Terlepas dari sikap menghakimi atau tidak, sekadar mengganti busana atau mengenakan tasbih dan benang suci tidak banyak mengubah diri kita, bukan? Secara rohani, tidak ada perubahan yang terjadi. Hal itu tidak juga mencurahkan "berkat" yang lebih. Laku Buddhakita perlu dijalankan secara rohani batin.

Perubahan Pribadi

Baik di dalam masyarakat penganut agama Buddha adati atau masyarakat tan-Buddha, yang dibutuhkan dalam laku Buddhawi adalah pengupayaan diri. Kita harus mengubah diri sendiri, hal yang tidak terjadi lewat upacara semata. Mudah saja kita belajar cara melaksanakan suatu upacara atau mendaraskan aji-aji dalam bahasa asing yang tidak kita pahami sama sekali. Tapi hal itu tidak mengubah kita. Kita masih marah, masih melekat, dan masih belum bisa berbaikan dengan orangtua kita. Yang Mulia Dalai Lama selalu berkata bahwa melakukan berbagai upacara padahal tidak tahu artinya tidak akan banyak faedahnya bagi diri kita.

Nagarjuna, Aryadewa, dan semua guru besar India lainnya mengatakan bahwa laku ajaran Buddha dijalankan pertama sekali dengan menjinakkan cita.

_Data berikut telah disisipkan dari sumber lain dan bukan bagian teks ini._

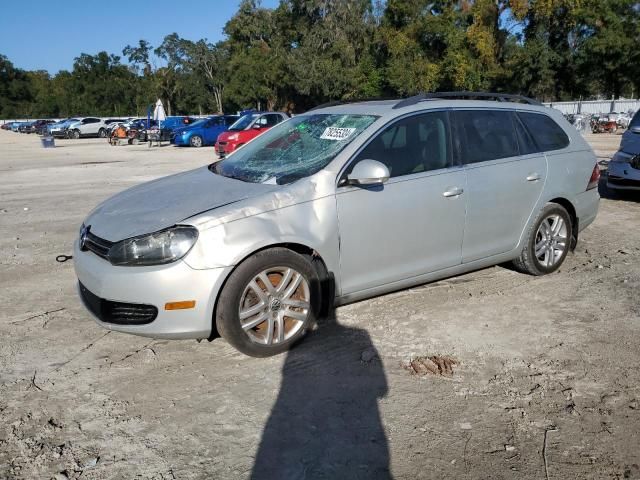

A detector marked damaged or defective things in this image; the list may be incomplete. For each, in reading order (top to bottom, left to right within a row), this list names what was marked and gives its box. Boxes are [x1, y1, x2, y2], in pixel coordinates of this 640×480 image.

cracked windshield [212, 113, 378, 185]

Ini berarti kita pertama-tama mesti mempelajari ajarannya, cara-cara menangani perasaan gelisah dan keadaan bermasalah, dan cara menelaah berbagai pengalaman yang kita jalani. Kita tetap waspada, agar kita tetap mengingat ajaran dan menerapkan ketika butuh. Dengan demikian, semua itu akan membantu kita mengatasi setidaknya masalah biasa dalam hidup kita, seperti amarah, rasa khawatir dan gugup, sakit, usia tua, dan masalah hubungan – atau semua hal yang serupa dengannya.

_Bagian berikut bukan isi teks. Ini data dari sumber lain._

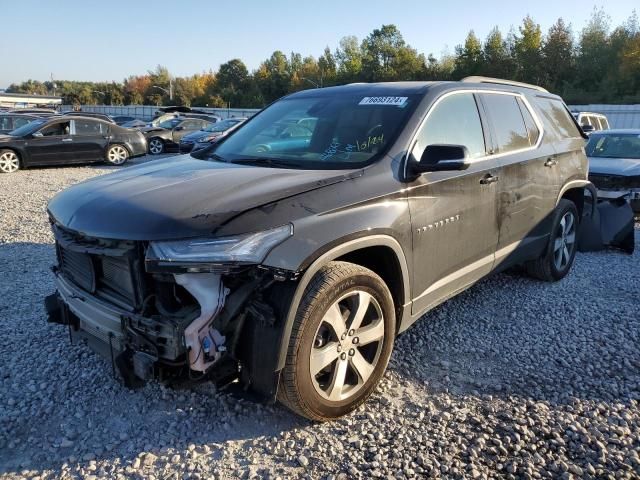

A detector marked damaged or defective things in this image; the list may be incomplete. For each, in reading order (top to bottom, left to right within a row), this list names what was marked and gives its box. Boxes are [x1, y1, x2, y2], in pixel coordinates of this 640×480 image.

crushed hood [47, 157, 358, 240]
crushed hood [588, 157, 640, 177]
broken headlight [147, 224, 292, 266]
damaged chevrolet traverse [46, 78, 600, 420]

Jadi, untuk mengubah diri ini, kita perlu mengupayakan dan memperbaiki kepribadian dan sikap dasar kita terhadap kehidupan. Hal ini menuntut kerja keras yang luar biasa, dan tidak mudah melakukannya. Kita harus sabar, berani, dan gigih. Masyarakat kita di masa kini ini cenderung ingin sesuatu itu murah, mudah, dan di atas semua itu, cepat. Kita maunya semua ajaran didapat dalam sekejap. Kita ingin memperoleh semua hal menakjubkan yang kita baca, tentang pencapaian seorang Buddha dan seterusnya, dengan upaya yang sekecil-kecilnya.

Menghargai Ajaran

Akan tetapi, mewujudkan perubahan rohani itu syaratnya mendapatkan ajaran, dan mendapatkan ajaran di negara tan-Buddha butuh uang. Inilah salah satu titik sulit yang cukup khas dalam sejarah Buddha. Menurut adatnya, Anda tidak pernah harus membayar untuk mendapat ajaran. Anda sukarela memberi sumbangan kalau Anda mau, tapi tidak pernah ada keharusan untuk bayar dulu sebelum masuk.

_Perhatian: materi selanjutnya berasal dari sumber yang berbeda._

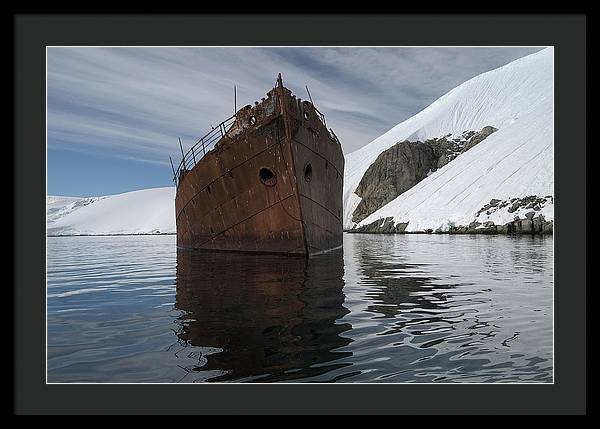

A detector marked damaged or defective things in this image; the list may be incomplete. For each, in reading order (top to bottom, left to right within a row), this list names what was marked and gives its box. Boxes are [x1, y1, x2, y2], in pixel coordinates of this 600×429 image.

rusty shipwreck [171, 74, 344, 256]
rusted hull [175, 78, 342, 256]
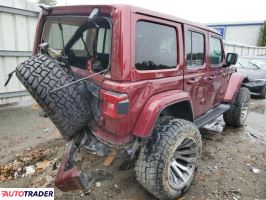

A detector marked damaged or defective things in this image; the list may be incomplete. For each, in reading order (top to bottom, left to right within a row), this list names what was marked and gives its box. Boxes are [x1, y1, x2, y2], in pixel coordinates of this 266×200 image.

crumpled fender [223, 72, 246, 103]
crumpled fender [133, 90, 191, 138]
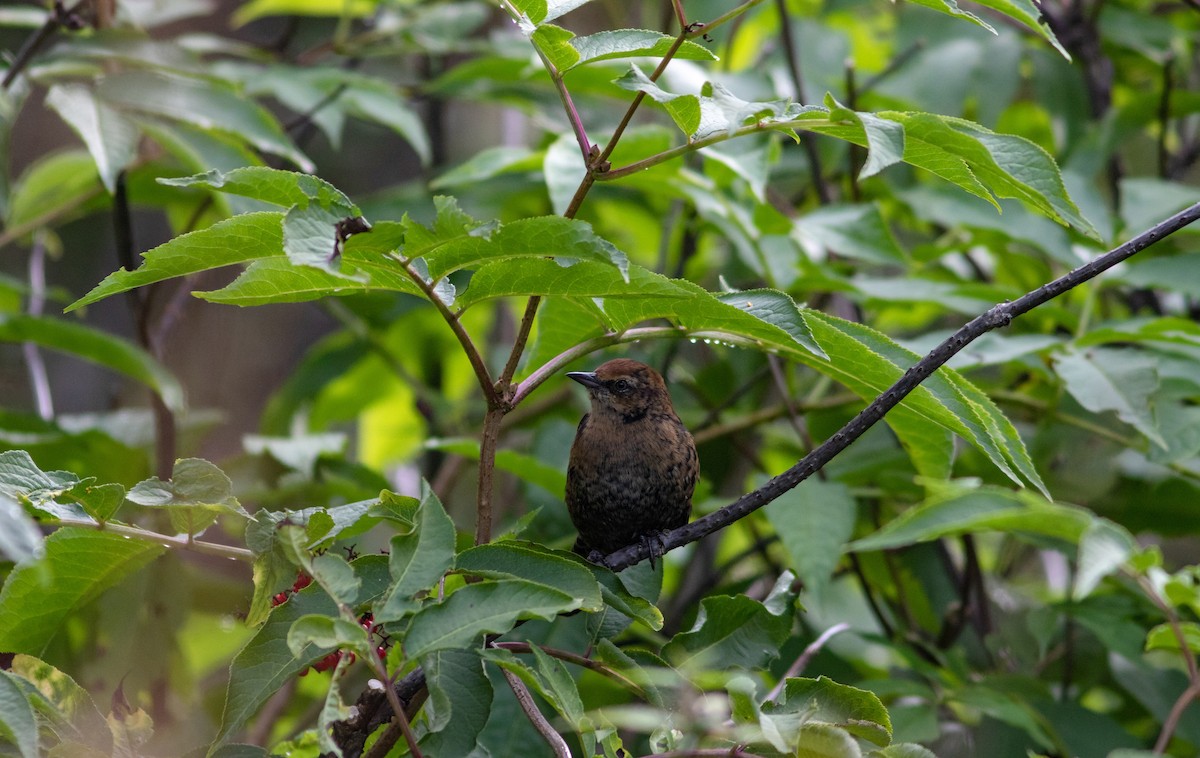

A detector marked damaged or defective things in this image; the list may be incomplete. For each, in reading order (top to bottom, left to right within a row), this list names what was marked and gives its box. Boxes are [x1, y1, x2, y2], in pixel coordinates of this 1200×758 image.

rusty blackbird [564, 358, 700, 564]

Akan tetapi, di negara-negara tan-Buddha, jika kita menginginkan guru dan sarana, mereka perlu dibantu entah itu secara sukarela atau dengan membayar iuran. Itu yang terjadi pada tingkat makaryanya. Di tingkat yang lebih dalam, jika Anda ingin menerima sesuatu yang berharga, yaitu ajaran itu sendiri, Anda harus mencurahkan usaha dan karya; kalau tidak, Anda tidak akan sungguh-sungguh menghargai dan menganggapnya bernilai.

Dalam sejarahnya, untuk mengundang para guru ke Tibet, orang Tibet tidak hanya harus berjalan kaki ke India untuk mengundang mereka, namun mereka juga harus mengumpulkan semua bentuk sumber daya untuk keperluan perjalanan dan sebagai persembahan. Mereka mencurahkan usaha yang hebat dan luar biasa untuk mendapatkan ajaran. Orang-orang harus membuat pengorbanan yang besar untuk mendapatkannya. Lihatlah apa yang harus dijalani Milarepa ketika ingin mendapatkan ajaran dari Marpa. Jadi bisa dibilang jika kita benar-benar menginginkan ajaran, maka kita harus berusaha, contohnya mengumpulkan uang, atau melakukan perjalanan ke India atau ke tempat ajaran itu tersedia.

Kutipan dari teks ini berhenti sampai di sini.